What started as a journey to escape the confines of one’s own mind turned into an enlightening encounter with a young Balinese man and an enchanting tryst with the goddess of Toye Masem.
Everybody’s talkin’ at me
I don’t hear a word they’re sayin’
Only the echoes of my mind
People stoppin’ starin’
I can’t see the faces
Only the shadows of their eyes…
– Everybody’s Talkin’ (Echoes) by Fred Neil
He began the night drive to Amed feeling like the protagonist from the movie, Midnight Cowboy, on his ‘end’ trip who reaches his dream destination only to arrive dead.
The following morning, after a sleepless night in his favourite room at Wawawewe, he walked down to the beach to catch a fishing boat out to sea.
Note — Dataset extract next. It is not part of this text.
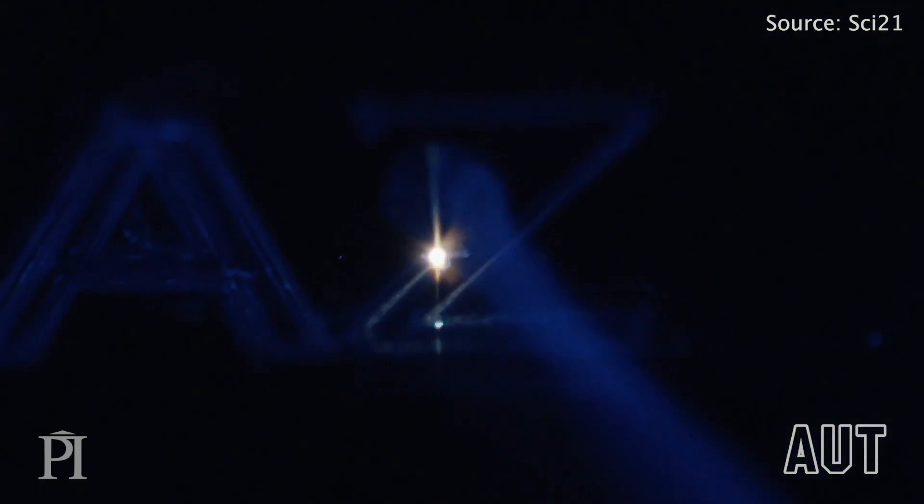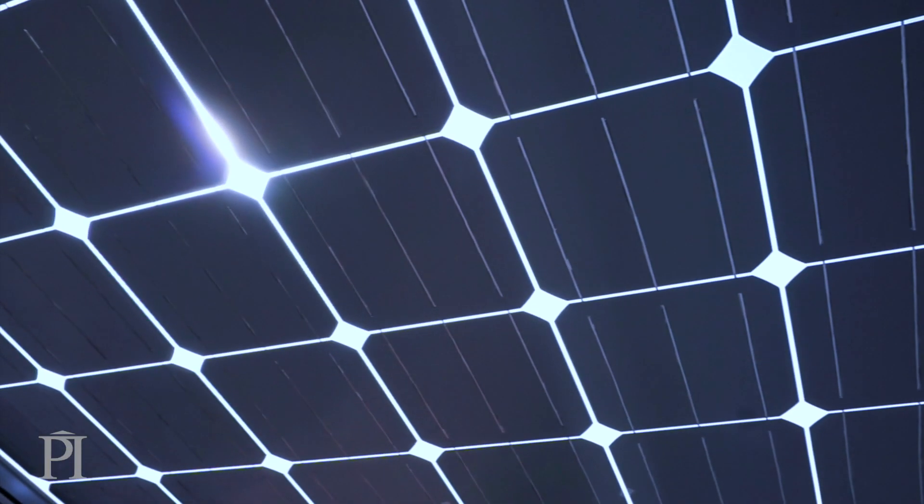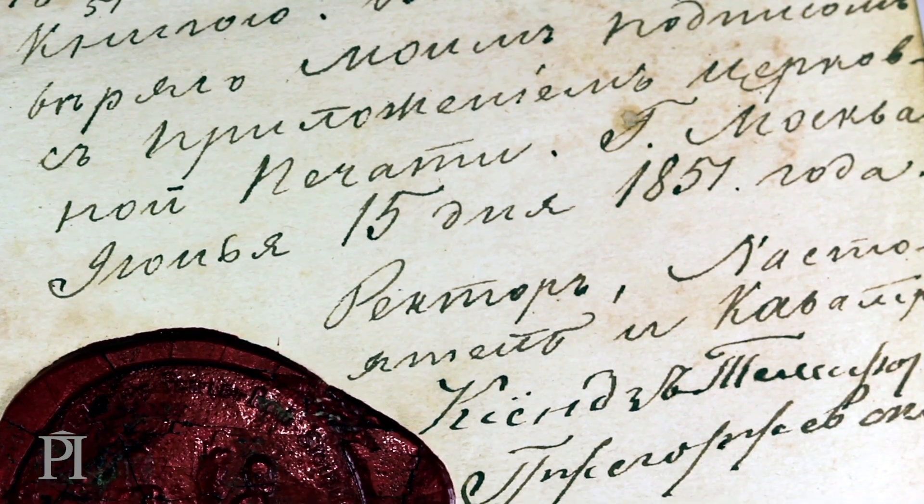By studying how photon energy is channeled by matter, we can figure out how to control it, so that we can design better solar energy harvesters, protect important paintings and documents, and lots, lots more.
As he sat in the vessel in the warm glow of the sun waiting for the fisherman to check the motor and sails, thoughts of madness echoed in his mind. The agitated sea taunted him by rocking the boat and the errant wind blew his cap into the air.
Suddenly he heard, above the raucous wind and sea, a shout, “Useless…Mark Useless”. Striding purposefully towards him along the pebbled shore was Made Boy.
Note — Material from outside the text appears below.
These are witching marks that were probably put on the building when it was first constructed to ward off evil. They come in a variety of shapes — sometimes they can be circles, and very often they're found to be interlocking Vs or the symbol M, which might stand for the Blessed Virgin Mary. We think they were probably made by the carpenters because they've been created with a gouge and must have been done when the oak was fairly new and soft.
“Made says you not go to sea. Also, sea take you…you wearing green. Today full moon, you come with me to Toye Masem near Bangle Village. My wife prepare offering with chicken especially for you. Come brother we make offering and do meditasi”, he said breathlessly.
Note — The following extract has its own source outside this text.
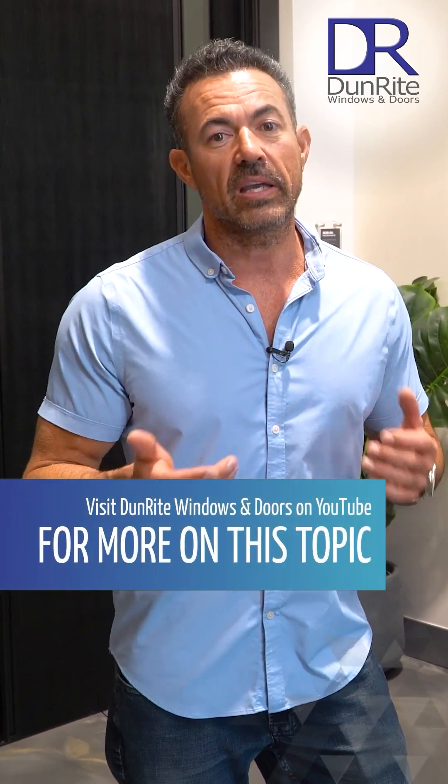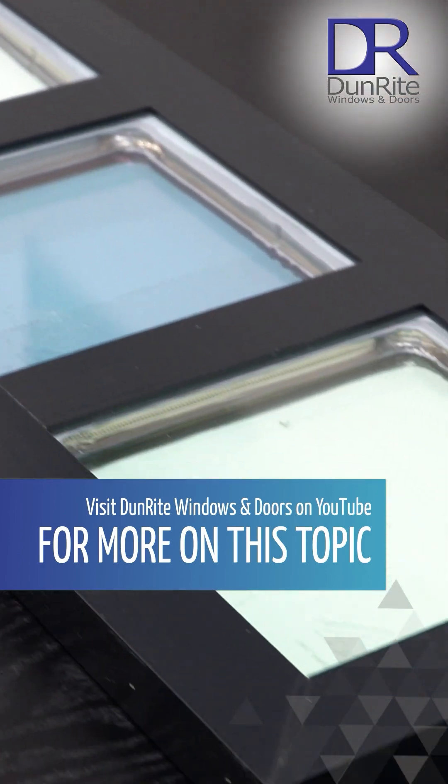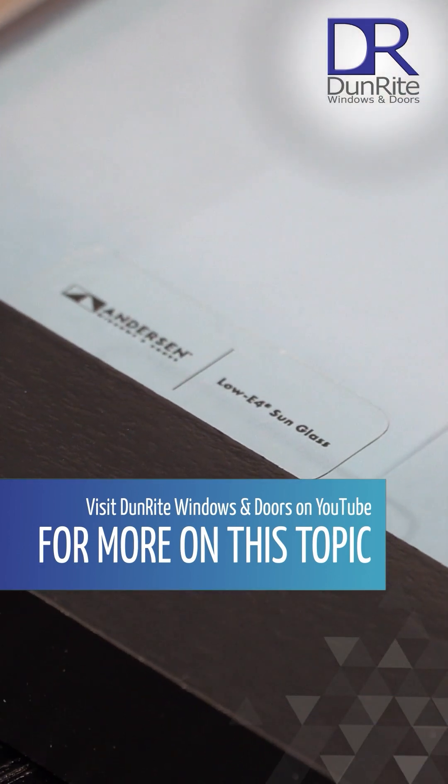If you are concerned or particular, I highly suggest coming into our showroom and looking side by side at the different glass options to see which glass you are going to be happy with.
Made Boy is a friend. He runs a small shop selling semi-precious stones and sacred stones, and assorted pieces of silver jewellery. He is married to a pretty Balinese woman and is the proud father of Putu, a five month old boy. Made’s long black hair, lithe body and goatee beard gives him an air of serenity personified. This soft spoken individual’s pronouncements on Hindu Dharma and the all embracing Karma to visitors who chance upon him, endears all to him.
Reluctantly, Useless followed Made back to the hotel and put the offerings into his jeep. Then they drove into the hills to Toye Masem.
At Bangle Village he parked the vehicle on a narrow hill road and carried on foot. Nyoman, an acquaintance of Made’s from the village, joined them on the trek to Toye Masem., where there is a shrine and five holy springs.
They walked along a dusty path strewn with boulders, across dry stream beds, rice fields browning in the sun and under overhanging bamboo trees creaking in the wind. The land lay expectantly for the rains like a virgin anxiously awaiting the night of the nuptials.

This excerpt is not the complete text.